> [Work task]
In the entries below, find the line with "新界南總區衝鋒隊人員設立前線指揮站，協調救援及善後工作。" and the line with "37 Chinaberry Cir, Homosassa, FL 34446". Print those two and everything between them exactly, and nothing else.
(Provided records Opens)
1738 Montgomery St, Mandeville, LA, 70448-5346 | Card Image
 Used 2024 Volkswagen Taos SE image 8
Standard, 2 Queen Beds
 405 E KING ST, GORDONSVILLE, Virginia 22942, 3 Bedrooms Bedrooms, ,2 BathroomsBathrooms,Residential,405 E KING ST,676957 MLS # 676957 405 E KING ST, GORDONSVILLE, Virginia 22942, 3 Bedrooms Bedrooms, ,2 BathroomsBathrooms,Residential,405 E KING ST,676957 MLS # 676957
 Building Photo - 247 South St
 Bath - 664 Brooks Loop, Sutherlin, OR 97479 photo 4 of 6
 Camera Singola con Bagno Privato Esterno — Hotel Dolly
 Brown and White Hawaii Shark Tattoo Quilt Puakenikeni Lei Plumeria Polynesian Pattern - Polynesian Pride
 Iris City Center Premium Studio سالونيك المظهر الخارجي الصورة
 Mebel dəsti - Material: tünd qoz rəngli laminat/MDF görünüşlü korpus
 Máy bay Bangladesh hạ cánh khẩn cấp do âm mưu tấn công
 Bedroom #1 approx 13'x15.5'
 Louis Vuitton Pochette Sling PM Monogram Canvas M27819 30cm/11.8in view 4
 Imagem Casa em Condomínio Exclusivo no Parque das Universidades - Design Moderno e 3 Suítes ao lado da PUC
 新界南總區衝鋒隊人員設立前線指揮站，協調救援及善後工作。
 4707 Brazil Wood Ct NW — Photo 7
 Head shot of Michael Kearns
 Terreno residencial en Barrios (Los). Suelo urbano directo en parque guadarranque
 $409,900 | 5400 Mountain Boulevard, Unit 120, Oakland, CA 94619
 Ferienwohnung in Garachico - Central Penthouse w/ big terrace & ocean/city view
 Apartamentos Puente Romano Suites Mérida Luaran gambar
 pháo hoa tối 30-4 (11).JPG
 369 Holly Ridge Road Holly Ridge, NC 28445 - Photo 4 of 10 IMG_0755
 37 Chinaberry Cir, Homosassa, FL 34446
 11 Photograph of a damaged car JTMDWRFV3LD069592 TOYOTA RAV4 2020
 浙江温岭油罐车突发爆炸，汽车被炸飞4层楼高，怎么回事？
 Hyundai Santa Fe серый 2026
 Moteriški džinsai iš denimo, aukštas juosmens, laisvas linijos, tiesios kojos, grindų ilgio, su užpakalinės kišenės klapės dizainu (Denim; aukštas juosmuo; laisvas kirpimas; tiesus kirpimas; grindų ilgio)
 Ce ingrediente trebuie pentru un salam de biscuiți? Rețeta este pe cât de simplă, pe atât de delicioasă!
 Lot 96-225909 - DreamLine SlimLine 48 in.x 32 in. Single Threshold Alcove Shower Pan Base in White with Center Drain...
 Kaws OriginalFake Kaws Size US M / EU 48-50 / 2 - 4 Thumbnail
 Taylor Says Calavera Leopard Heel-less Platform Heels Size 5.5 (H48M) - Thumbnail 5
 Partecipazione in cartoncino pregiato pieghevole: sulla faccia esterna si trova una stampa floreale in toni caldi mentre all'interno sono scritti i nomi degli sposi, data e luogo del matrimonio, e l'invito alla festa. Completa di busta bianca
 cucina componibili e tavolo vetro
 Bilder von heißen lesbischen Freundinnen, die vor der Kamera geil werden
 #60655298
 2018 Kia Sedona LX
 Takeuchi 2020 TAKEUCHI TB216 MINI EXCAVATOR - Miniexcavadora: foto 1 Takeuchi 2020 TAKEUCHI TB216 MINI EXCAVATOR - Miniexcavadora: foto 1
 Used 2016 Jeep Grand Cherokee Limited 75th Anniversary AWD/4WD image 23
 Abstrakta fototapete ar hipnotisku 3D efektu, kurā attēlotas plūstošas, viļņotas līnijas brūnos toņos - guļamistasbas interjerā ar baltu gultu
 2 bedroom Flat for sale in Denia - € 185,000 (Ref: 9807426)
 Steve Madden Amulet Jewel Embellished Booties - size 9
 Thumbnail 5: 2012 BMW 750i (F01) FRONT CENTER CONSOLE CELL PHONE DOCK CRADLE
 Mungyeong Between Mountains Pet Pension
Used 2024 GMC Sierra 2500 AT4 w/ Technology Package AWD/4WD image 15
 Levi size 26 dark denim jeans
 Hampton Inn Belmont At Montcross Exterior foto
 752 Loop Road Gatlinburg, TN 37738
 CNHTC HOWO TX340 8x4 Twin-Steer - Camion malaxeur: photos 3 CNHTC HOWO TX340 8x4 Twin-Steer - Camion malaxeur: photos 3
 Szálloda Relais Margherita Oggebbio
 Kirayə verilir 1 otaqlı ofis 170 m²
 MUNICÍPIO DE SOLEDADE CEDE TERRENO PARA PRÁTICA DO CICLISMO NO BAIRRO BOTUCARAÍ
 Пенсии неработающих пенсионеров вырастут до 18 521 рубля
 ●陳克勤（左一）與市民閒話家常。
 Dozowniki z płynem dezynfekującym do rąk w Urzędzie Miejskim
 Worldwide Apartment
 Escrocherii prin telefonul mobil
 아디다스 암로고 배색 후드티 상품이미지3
(Provided records Closes)
> [Answer to this task]
 新界南總區衝鋒隊人員設立前線指揮站，協調救援及善後工作。
 4707 Brazil Wood Ct NW — Photo 7
 Head shot of Michael Kearns
 Terreno residencial en Barrios (Los). Suelo urbano directo en parque guadarranque
 $409,900 | 5400 Mountain Boulevard, Unit 120, Oakland, CA 94619
 Ferienwohnung in Garachico - Central Penthouse w/ big terrace & ocean/city view
 Apartamentos Puente Romano Suites Mérida Luaran gambar
 pháo hoa tối 30-4 (11).JPG
 369 Holly Ridge Road Holly Ridge, NC 28445 - Photo 4 of 10 IMG_0755
 37 Chinaberry Cir, Homosassa, FL 34446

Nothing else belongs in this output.